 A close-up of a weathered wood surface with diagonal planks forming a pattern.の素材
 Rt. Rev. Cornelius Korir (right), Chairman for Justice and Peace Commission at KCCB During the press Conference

...

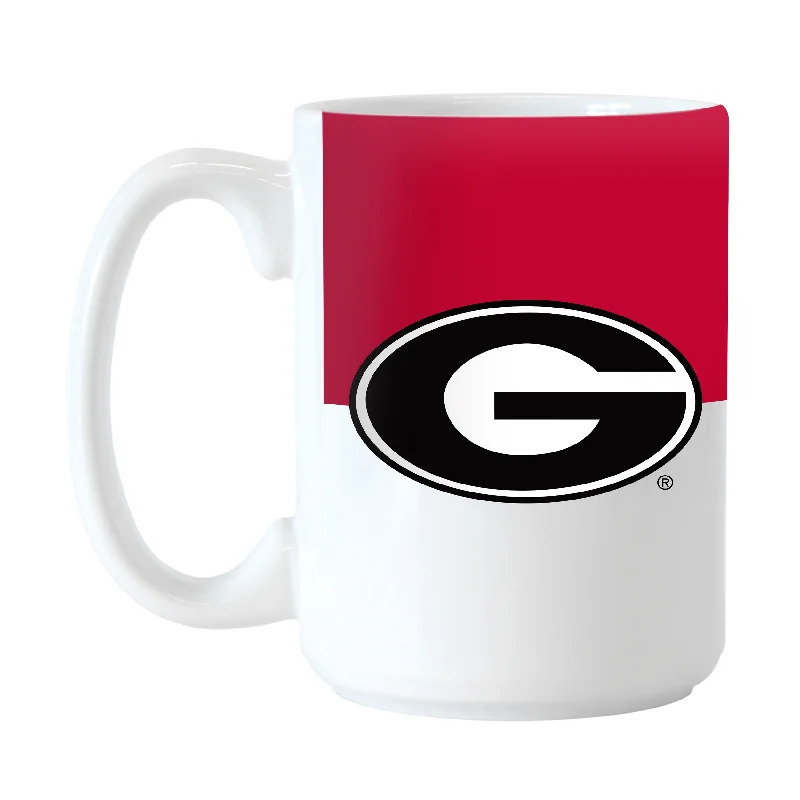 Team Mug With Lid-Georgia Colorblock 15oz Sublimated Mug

WHAT YOU ARE ASKED TO DO: Using only the listing above, restate exactly the lines from the line containing "A close-up of" through the line containing "Rt. Rev. Cornelius", both included.

TASK OUTPUT:
 A close-up of a weathered wood surface with diagonal planks forming a pattern.の素材
 Rt. Rev. Cornelius Korir (right), Chairman for Justice and Peace Commission at KCCB During the press Conference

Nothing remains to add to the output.